In The Ghost of Wombeyan Alex Seton has created a life-sized marble figure that lies prone on a slab beneath a heavy shroud. Should we see it as a body, or merely the impression of a body preserved in solid marble? Either way, the piece has a strong funereal connotation. The ‘ghost’ is a childhood memory of a special place – a marble quarry near Wombeyan Caves, where the artist’s family had a home from the late 1980s. It’s where the artist became interested in stone carving, being given his first hammer and chisel at the age of eight
Seton often structures his solo exhibitions around a particular theme or story, but Meet Me Under the Dome is his most personal to date. It includes effigies of a favourite toy rabbit; a ladder built by his mathematically-minded father using the golden ratio; four mattocks with differently coloured marble blades; and even an organic toilet in resplendent green marble. He places a marble carving of a Besa block on a marble swing, changing a primitive weighing device into an off-beat monument. He takes the pattern from a found soft-drink bottle and reproduces it in shallow relief. The results are simultaneously remniscent of those Wunderlich pressed metal ceilings – once a common feature of stylish Australian interiors, and the weathered walls of an ancient tomb.

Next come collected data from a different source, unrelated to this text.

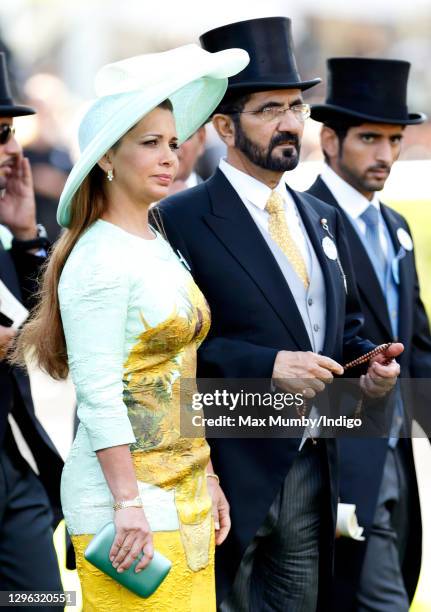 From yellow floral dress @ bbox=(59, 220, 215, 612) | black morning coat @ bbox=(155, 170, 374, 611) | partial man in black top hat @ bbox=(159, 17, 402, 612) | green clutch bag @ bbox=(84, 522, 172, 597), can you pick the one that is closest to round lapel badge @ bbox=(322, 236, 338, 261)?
partial man in black top hat @ bbox=(159, 17, 402, 612)

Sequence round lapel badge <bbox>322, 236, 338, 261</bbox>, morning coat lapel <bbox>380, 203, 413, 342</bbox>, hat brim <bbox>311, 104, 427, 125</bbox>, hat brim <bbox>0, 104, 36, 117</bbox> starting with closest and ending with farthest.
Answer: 1. round lapel badge <bbox>322, 236, 338, 261</bbox>
2. hat brim <bbox>0, 104, 36, 117</bbox>
3. morning coat lapel <bbox>380, 203, 413, 342</bbox>
4. hat brim <bbox>311, 104, 427, 125</bbox>

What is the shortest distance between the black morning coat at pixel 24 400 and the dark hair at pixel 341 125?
4.71 feet

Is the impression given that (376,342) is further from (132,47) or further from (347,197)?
(132,47)

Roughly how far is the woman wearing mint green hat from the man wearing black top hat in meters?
0.87

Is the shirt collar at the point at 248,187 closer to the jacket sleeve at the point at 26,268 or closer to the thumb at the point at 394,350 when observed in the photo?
the thumb at the point at 394,350

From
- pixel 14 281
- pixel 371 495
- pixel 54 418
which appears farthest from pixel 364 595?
pixel 54 418

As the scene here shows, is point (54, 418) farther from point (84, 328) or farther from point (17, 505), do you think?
point (84, 328)

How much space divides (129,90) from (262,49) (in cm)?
102

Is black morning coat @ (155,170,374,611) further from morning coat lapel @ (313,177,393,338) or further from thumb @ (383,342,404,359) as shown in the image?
morning coat lapel @ (313,177,393,338)

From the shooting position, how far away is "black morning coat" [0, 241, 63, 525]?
16.2 feet

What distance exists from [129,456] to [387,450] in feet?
Result: 6.59

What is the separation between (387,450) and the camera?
5.46 meters

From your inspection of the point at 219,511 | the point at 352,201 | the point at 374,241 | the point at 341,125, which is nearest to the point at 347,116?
the point at 341,125

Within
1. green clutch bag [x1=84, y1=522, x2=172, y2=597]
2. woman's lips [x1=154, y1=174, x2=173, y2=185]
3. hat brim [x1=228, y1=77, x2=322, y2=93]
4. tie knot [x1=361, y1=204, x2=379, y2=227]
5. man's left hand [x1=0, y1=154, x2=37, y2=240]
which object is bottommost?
green clutch bag [x1=84, y1=522, x2=172, y2=597] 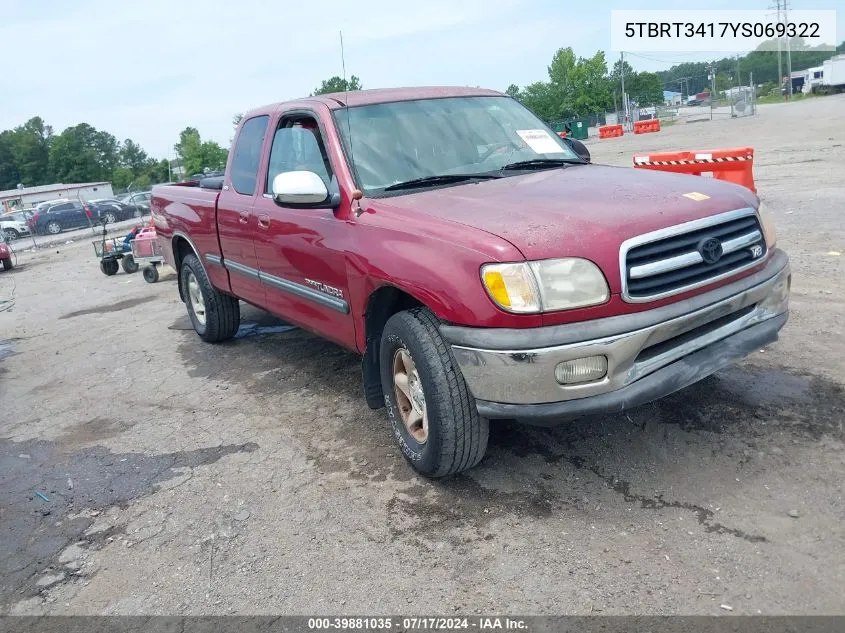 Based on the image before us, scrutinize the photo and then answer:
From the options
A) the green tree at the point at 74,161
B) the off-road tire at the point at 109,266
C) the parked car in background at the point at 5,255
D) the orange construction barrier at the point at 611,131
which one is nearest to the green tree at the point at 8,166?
the green tree at the point at 74,161

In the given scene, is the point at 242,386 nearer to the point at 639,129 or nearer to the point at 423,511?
the point at 423,511

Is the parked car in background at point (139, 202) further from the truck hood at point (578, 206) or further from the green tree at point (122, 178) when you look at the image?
the green tree at point (122, 178)

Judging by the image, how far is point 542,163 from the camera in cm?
443

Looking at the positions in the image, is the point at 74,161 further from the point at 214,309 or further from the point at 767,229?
the point at 767,229

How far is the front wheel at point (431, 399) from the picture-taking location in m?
3.28

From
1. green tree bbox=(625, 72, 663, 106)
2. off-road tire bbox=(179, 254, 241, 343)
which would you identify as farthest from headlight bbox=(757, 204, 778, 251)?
green tree bbox=(625, 72, 663, 106)

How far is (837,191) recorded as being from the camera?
1062 centimetres

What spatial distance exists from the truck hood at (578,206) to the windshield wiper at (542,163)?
0.19m

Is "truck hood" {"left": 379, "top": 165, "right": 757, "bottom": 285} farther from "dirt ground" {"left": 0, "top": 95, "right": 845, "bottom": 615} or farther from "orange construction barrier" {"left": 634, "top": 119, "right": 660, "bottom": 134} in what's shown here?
"orange construction barrier" {"left": 634, "top": 119, "right": 660, "bottom": 134}

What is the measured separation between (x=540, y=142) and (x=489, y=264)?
1948 millimetres

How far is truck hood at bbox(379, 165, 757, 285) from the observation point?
3.03 m

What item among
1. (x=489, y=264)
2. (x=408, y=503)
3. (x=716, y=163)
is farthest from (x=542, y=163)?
(x=716, y=163)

The dome in the exhibition’s title refers to the Garden Palace, built in 1879 for the Sydney International Exhibition. Meet Me at the Dome was the caption of an etching published in a newspaper on opening day. This colossal building dominated the city skyline until it was destroyed by fire in 1882. Today scarcely a trace remains: neither material remnant nor memory. It took Jonathan Jones’s remarkable Kaldor Public Art Project of 2016, Barrangal Dyara (Skin and Bones), to bring the Garden Palace back to life, as he mapped the outlines of the building with rows of small Indigenous shields made from plaster.
Seton has a longstanding interest in the Garden Palace, for many of the same reasons as Jones. The building was full of Aboriginal artefacts that had been gathered from across the state for the big event. The fire was not simply a tragedy for the citizens of Sydney, but for Indigenous people – then and now – who lost invaluable items of cultural heritage. Seton sees it as a rare example of a shared or common loss between black and white Australians.
The dominant feature of the Garden Palace was a central dome, 30.4 metres in diameter – which compares well with the diameter of the dome of St. Paul’s Cathedral in London, at 31 metres. The dome of Sydney’s Queen Victoria Building, which opened in 1898, is 19 metres in diameter. No wonder the dome of the Garden Place became a popular point of rendezvous – it was big enough to be the nucleus around which the city revolved. Over the following century the Palace’s role as a unique meeting place for European and Indigenous culture would not be taken up by any other civic space, unless we count the display areas of the Australian Museum.
Was there much marble involved in the construction of the Garden Palace? I haven’t been able to find out, although it utilised vast quantities of bricks, timber and iron in emulation of Joseph Paxton’s famous Crystal Palace in London which opened in 1851. Marble, in all its local variations, would be extensively used in other Sydney public buildings at the turn of the century. Stone masons, the Melocco Brothers, opened their business in 1908, offering Australia’s first terazzo service. The brothers drew their coloured marble from a quarry in Wombeyan, for which they secured a 100-year lease – the same quarry Seton frequented as a boy. It would cease operation in 1998, and has now been reclaimed by the State Government.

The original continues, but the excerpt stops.